[Exercise data — start]
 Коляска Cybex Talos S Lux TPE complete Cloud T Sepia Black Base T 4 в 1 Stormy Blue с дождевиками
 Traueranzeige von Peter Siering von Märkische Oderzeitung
[Exercise data — finish]
[Exercise data — start]
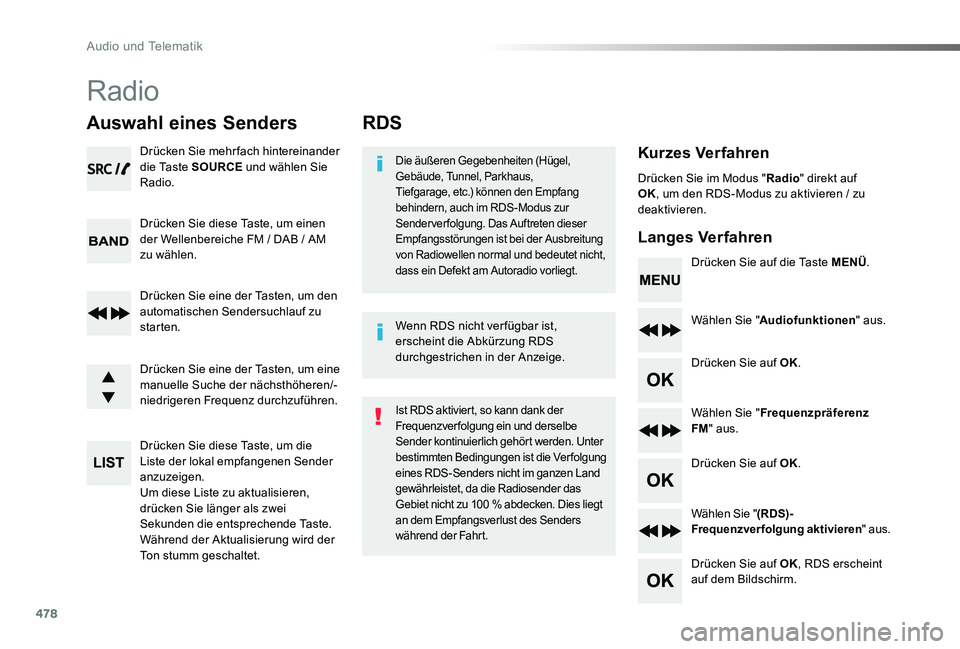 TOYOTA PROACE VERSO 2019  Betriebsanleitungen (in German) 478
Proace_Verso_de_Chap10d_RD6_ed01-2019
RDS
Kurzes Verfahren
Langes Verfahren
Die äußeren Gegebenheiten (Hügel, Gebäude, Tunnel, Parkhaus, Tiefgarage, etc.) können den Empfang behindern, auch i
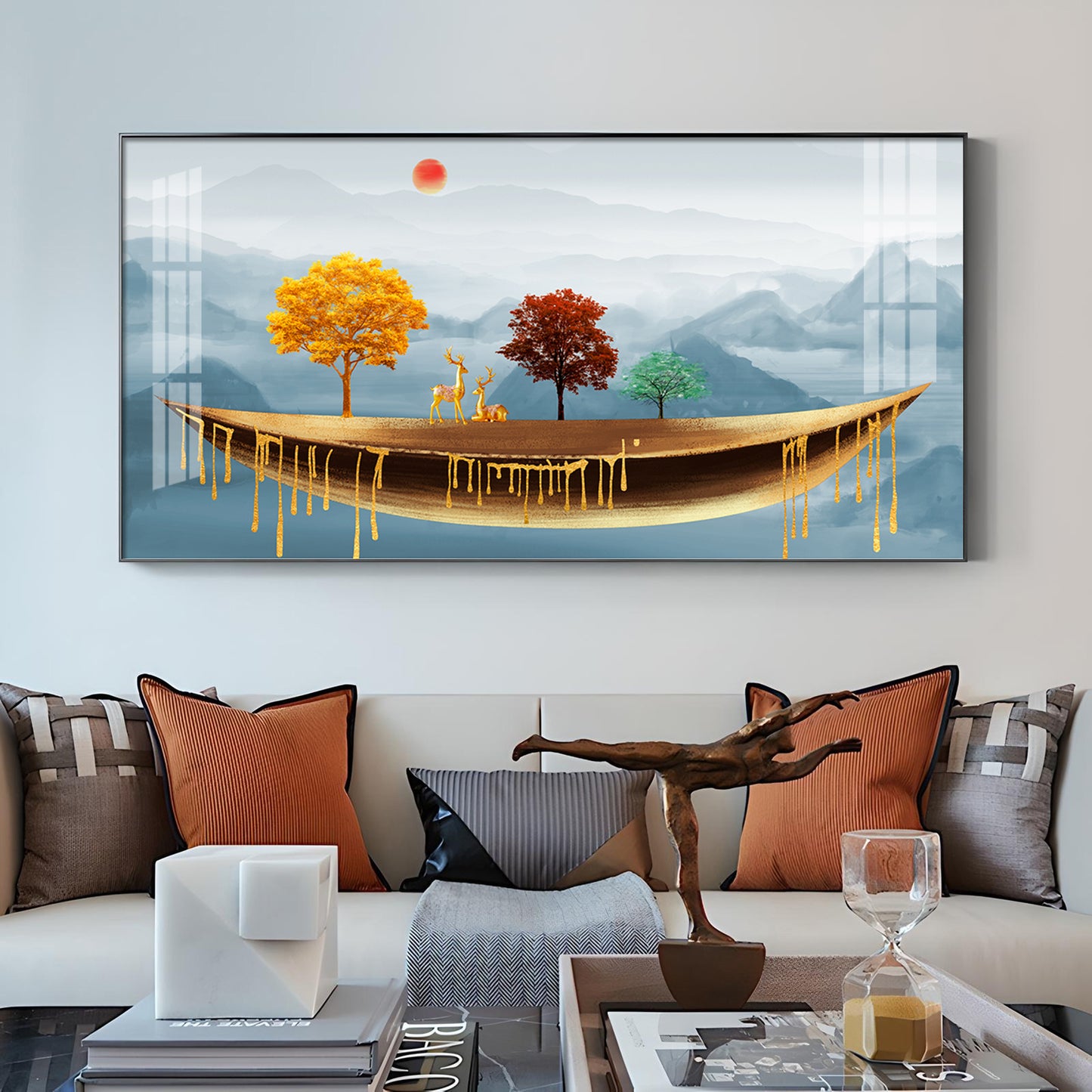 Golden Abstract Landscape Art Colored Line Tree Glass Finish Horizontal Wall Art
[Exercise data — finish]
## Requirement
Beginning at the line with "Коляска Cybex Talos" and ending at the line with "Traueranzeige von Peter", reproduce each line of the data above exactly, and add no other lines.

## Written reply
 Коляска Cybex Talos S Lux TPE complete Cloud T Sepia Black Base T 4 в 1 Stormy Blue с дождевиками
 Traueranzeige von Peter Siering von Märkische Oderzeitung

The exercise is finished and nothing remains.